On the other side of the house from the road was a stretch of lake the color of tin, where Dean Reed's body lay for four days before it had been dragged to shore in June of l986. The place felt deserted, lonely, desolate.
I took the newspaper clippings out of my bag and read the article by Russell Miller, a British journalist. Miller, by chance, had arranged to interview Dean Reed for a magazine the weekend he died. From West Berlin, where Miller was staying, he had called the house at Schmockwitz. The interview was scheduled for the next day, but Mrs. Reed told him that Dean was ill and could not see him.

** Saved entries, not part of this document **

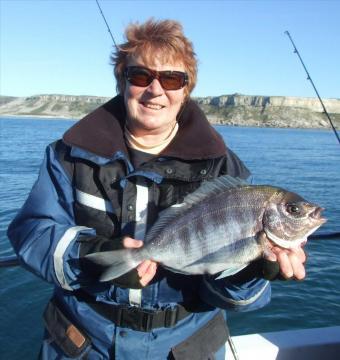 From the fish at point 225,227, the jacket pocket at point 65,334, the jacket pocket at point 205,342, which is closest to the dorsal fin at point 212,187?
the fish at point 225,227

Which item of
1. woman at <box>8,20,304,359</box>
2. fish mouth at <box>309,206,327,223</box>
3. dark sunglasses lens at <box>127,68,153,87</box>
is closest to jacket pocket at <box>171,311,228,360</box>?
woman at <box>8,20,304,359</box>

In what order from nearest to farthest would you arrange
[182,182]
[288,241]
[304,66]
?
[288,241]
[182,182]
[304,66]

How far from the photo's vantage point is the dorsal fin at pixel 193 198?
2971 mm

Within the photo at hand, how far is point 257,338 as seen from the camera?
4516 mm

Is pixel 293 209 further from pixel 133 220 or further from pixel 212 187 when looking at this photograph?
pixel 133 220

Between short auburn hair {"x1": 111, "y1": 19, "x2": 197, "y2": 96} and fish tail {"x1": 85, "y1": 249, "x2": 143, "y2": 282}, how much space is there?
1371 millimetres

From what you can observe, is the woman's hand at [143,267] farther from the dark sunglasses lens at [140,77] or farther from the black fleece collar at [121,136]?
the dark sunglasses lens at [140,77]

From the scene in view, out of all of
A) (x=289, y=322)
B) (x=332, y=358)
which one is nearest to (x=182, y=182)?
(x=332, y=358)

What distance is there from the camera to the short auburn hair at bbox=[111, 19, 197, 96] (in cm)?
310

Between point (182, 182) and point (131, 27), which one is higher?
point (131, 27)

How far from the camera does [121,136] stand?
10.6 ft

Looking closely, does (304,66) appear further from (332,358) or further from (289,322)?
(289,322)

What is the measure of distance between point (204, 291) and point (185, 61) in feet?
5.59

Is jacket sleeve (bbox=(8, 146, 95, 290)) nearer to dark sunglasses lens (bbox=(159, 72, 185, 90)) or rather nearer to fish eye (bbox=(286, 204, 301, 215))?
dark sunglasses lens (bbox=(159, 72, 185, 90)) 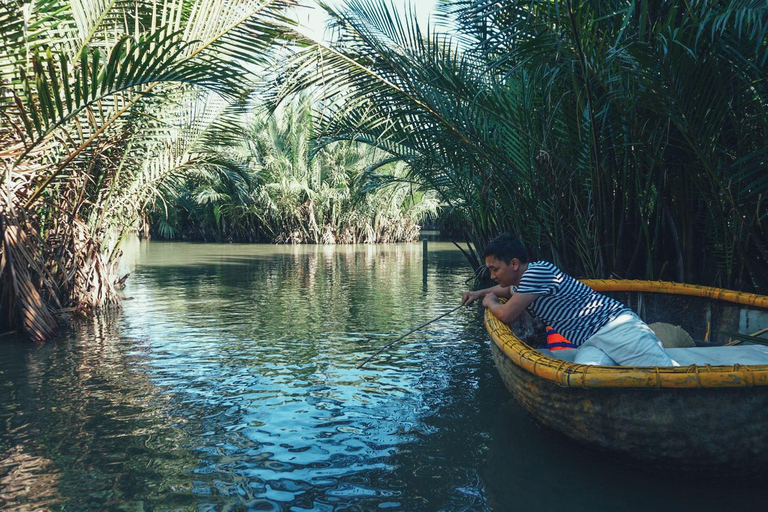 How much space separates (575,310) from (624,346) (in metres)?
0.48

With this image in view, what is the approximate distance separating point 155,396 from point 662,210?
4.99 meters

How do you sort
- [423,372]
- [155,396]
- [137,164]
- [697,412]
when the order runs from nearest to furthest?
[697,412]
[155,396]
[423,372]
[137,164]

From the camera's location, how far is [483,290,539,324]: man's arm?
448 cm

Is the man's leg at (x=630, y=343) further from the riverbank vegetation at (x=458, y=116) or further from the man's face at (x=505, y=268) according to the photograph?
the riverbank vegetation at (x=458, y=116)

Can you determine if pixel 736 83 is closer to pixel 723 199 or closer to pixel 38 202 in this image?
pixel 723 199

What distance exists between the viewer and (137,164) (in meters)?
9.35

In the middle of the conversation, a man came on the line—it seemed to Miller that he had snatched the phone away from Mrs. Reed. He told Miller that Dean was in the hospital and that he should go home and would be contacted. Then he gave Miller his name and a telephone number in Potsdam. He was Mr. Weiczaukowski, he said. Puzzled, Russell Miller went back to London and, on the following Tuesday, when he heard the news that Dean Reed was dead, he called Potsdam. There was no Mr. Weiczaukowski at the number he had been given. He wrote a story for the Sunday Times, and so the mystery was cranked up. It grew and leaked and multiplied.
"I have over 2000 scenarios," Dean Reed's mother would tell me. "And it's about up to 3000 now, I think . . . each scenario brings up a new way I think he was killed." "I read something about maybe there being drugs, or that there were some political implications," a friend of Reed's told me. "I've heard the CIA whack," said someone else. "I've heard killed by a jealous lover. Or the KGB." And so it went. Eventually, the rumors spread so that nobody could unpick the truth about his death from the rumors. KGB, CIA, eventually I became hooked on the creepy network of conspiracy buffs. Already, for months, I'd been trying to get a fix on it, had talked to Russell Miller, who was as perplexed as I was. Now, finally, on this dank December day in l987, I was here in this silent, cold place. The house was shut up. No answers. I said, "Let's go." It was wet and dark and I was frightened; we had seen the house. I wanted to go. I felt we were out on a limb with no backup, no way back if we got lost. But Leslie insisted on getting out of the car to take pictures of the house because, if he made a drama-documentary, his production designer would need them. He took his time while I sat in the car. It wasn't just for the production designer, I could see that. It was an obsession for him, this part of the world, this other place across the Wall. In a way he was addicted to Eastern Europe. It tested you and then you could go home, a no-exit with a revolving door, an adventure with a return ticket, he always said. "Cheer up," he said now, turning to take yet one more picture, then getting back in the car and revving up the motor of the car loud enough to wake the dead. "Listen, honestly, this is nothing at all compared to when I was filming a documentary about torture in Brazil." Down that country road, in the encroaching gloom on the other side of the Berlin Wall was where I seriously began looking for Dean Reed. The Berlin Wall had gone up in August, l961, which was just about the time Dean Reed had left America. He never lived there again, and he died in this lake in East Berlin. Who killed him? Who was he? A true believer? A spy? Just a guy, an American with a guitar and great looks and a lot of ambition?
Leslie drove a few hundred yards and stopped and got out of the car. I followed him to the little cemetery by the side of the road. A few wet flowers lay on a headstone. It seemed incredibly sad somehow that the dazzling American I'd seen on TV should end up in this lonely place. I bent down. On the headstone, in German, was inscribed simply: Dean Reed. Born Colorado, 1938. Died Berlin, 1986.